Designing your own Game Servers for Asynchronous Play (Postmortem)

Making your own game servers is fairly significant undertaking, so now that we’ve released our own game servers and started using them for our games – Hive, Khet 2.0, and Reversi – I thought I’d share a brief postmortem to help anyone else considering going this route at some point.

Why host your own Game Servers?

Obviously, a good starting point is to determine if it even makes sense to host your own game-servers. Our first releases, “Hive” and “Khet 2.0” both shipped using Steam’s networking. In fact, Hive had a previous version running on Xbox 360 which used Xbox Live.

Most common platforms have some built-in networking. Unfortunately, even if you use something like Unity, you’ll spend a lot of time cramming in each platform’s different concept of networking into your game. More on that later.

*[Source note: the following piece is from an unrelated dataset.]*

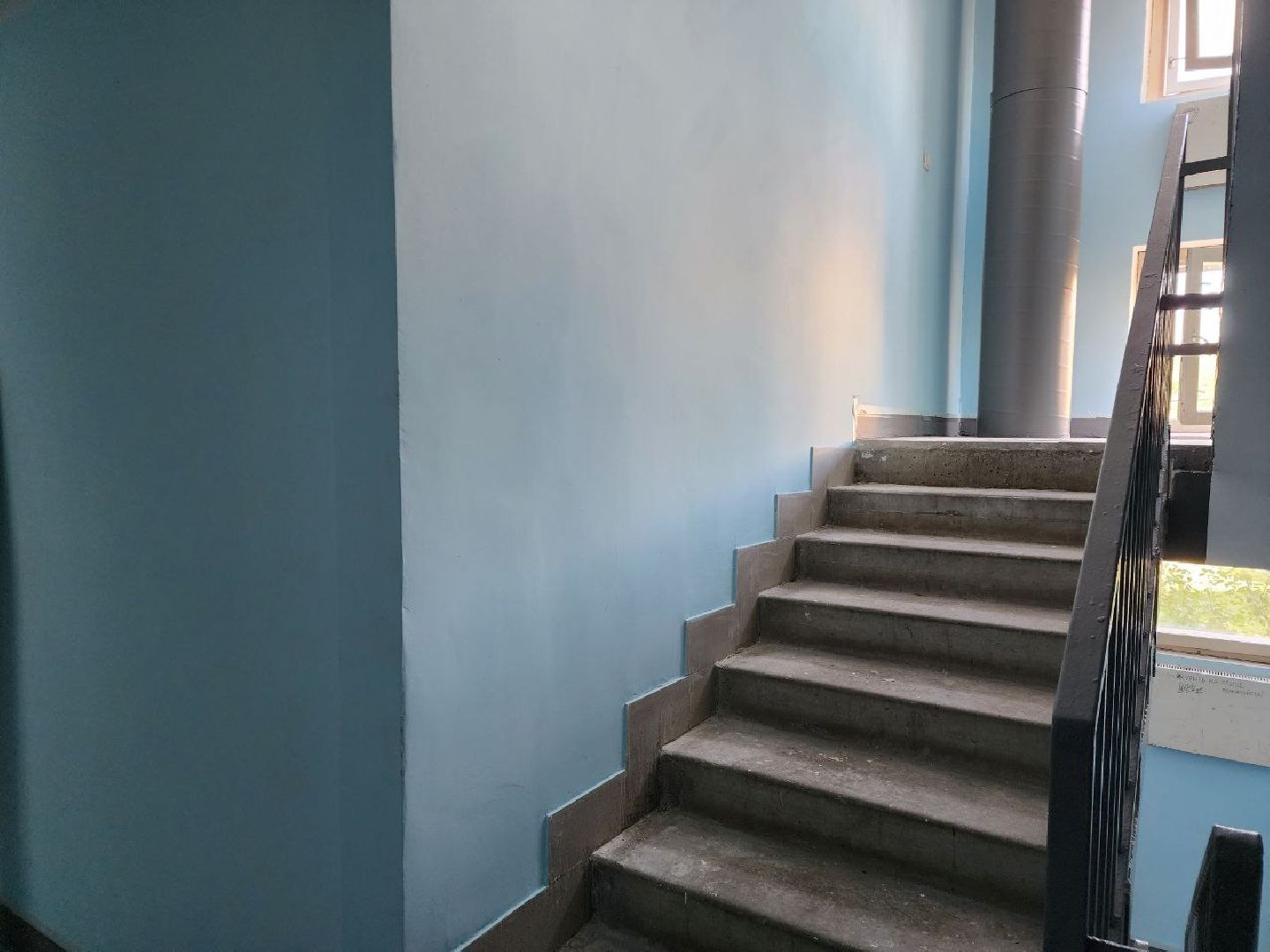 ремонт подъезда, ЖКХ, Лосино-Петровский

All of these platforms take a while to integrate but significantly less time than writing your own servers from scratch. They’re usually free to use, and are built to scale to many users.

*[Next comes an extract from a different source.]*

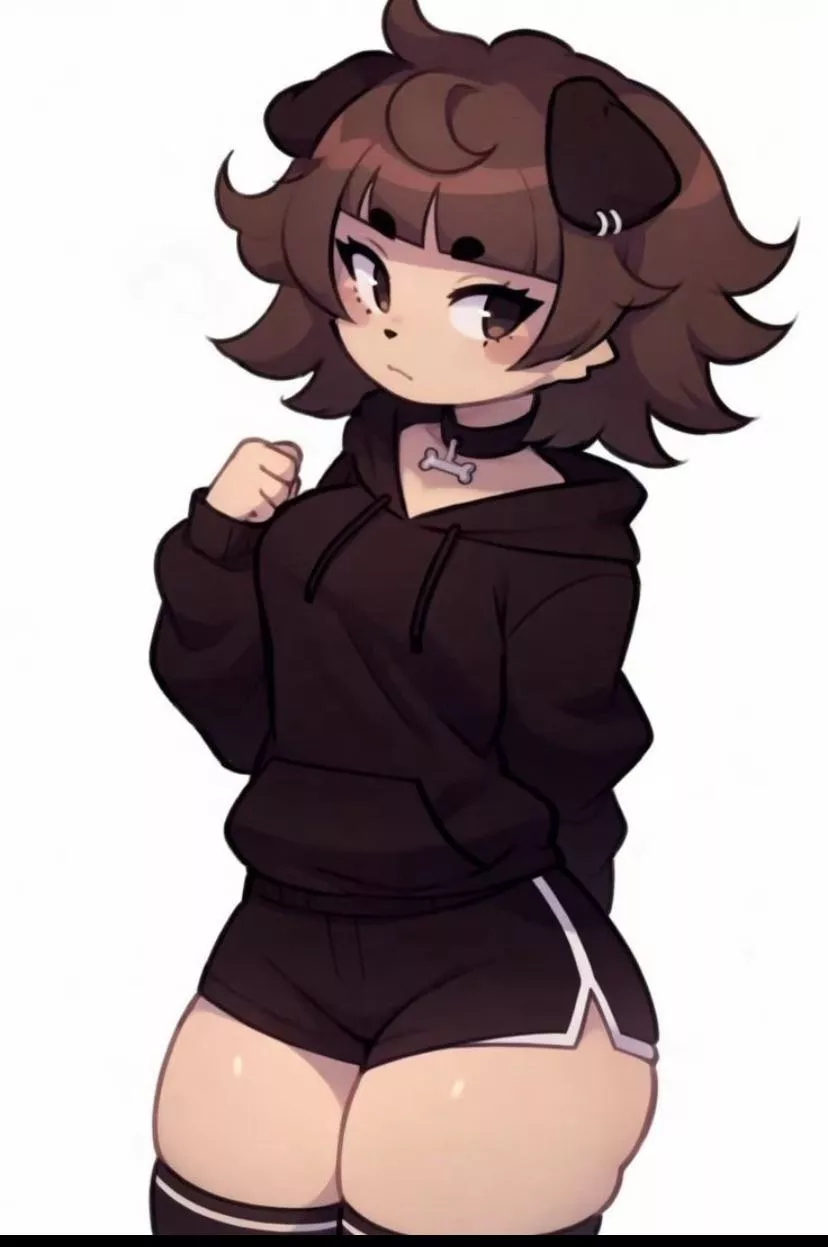 (F4a) this puppers is looking for a new dom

Due to the time-savings, my recommendation is: start off using the networking on the platform you plan to release on, unless you have a strong reason not to.

Games are not a sure thing, so don’t go investing in making your engine flexible before you’ve found out that you’ve made the right game(s)! If it turns out you were right & there actually is some demand (like there was for our board games), you can spend the months re-writing while players already have your game and are enjoying it. Also, you’re probably earning some income during this time which can help fund the creation of your game servers.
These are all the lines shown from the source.